Expanding Methods of Functional Analyses for Naturalistic Settings
GREG SCHUTTE (Children's Mercy Hospital)
Abstract: This study examined the reinforcing value of attention across topography within a naturalistic functional analysis of inappropriate social behavior seen in an adolescent with Autism. Attention was differentiated in two ways. First, a traditional multi-element functional analysis (Iwata, Dorsey, Slifer, Bauman, & Richman, 1982/1994) was conducted that included a second attention condition (i.e., playful/casual interaction) in addition to the traditional attention condition (i.e., reprimand). The six conditions were ordered across 38, 5-min sessions using stratified random assignment. The results indicated significantly higher, although variable, rates of behavior during the Attention-2 (i.e., playful/casual) condition, while no differences were seen across the other conditions (Figure 1). Next, therapist differences were taken into account and examined using a reversal design within the multi-element FA (Figure 2). The results indicated significant-and-consistent differences across staff on Attention-2. Overall, the comprehensive results indicate the presence of a significant antecedent-by-consequence interaction effect in the function of inappropriate social behavior. The implications of these findings highlight the significance of topography in social attention as a reinforcer and the utility of incorporating descriptive methodology into naturalistic functional analyses.
A Consecutive Case Review of Interventions for Problem Behavior Maintained by Social-Positive Reinforcement
COLIN S. MUETHING (Marcus Autism Center), Joanna Lomas Mevers (Marcus Autism Center), Mindy Christine Scheithauer (Marcus Autism Center), Courtney Mauzy (Marcus Autism Center), Nathan Call (Marcus Autism Center)

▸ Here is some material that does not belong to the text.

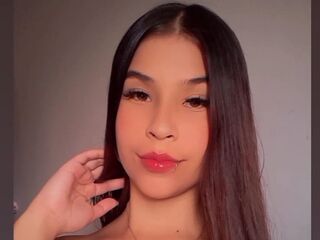 cam strip tease LindaLeone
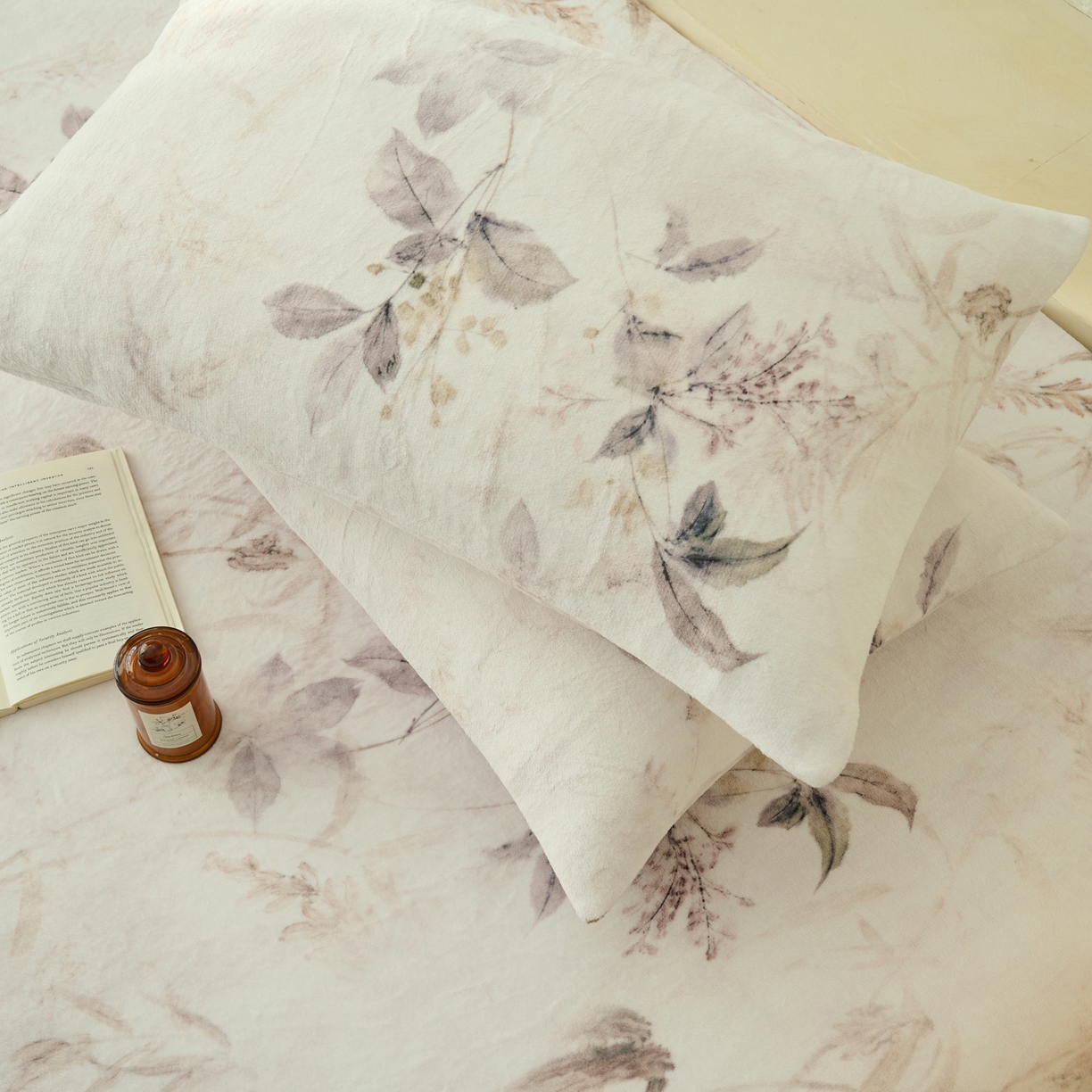 91家纺网 家纺一手货源 找家纺 早晨家纺 2025新款数码印花高克重牛奶单床笠 疏影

Abstract: A consecutive controlled case-series design (Hagopian, Rooker, Jessel, & DeLeon, 2013) was used to examine treatments for problem behavior maintained by social-positive reinforcement in a behavioral day-treatment program. Data were collected over a three-year period for clients who engaged in problem behavior maintained by access to preferred items and/or attention. Data were collected in a variety of areas including client demographics, topography of problem behaviors (e.g., aggression, self-injury, pica), additional functions of problem behavior, and treatment components (e.g., functional communication training, extinction, differential reinforcement of other behavior). Additional data were collected on generalization to different settings or persons and the findings of the functional analysis were confirmed using procedures from Roane, Fisher, Kelley, and Bouxsein (2013). Finally, percent reductions in problem behavior were calculated comparing baseline to other settings in which generalization occurred. Future areas of research and clinical implications are discussed.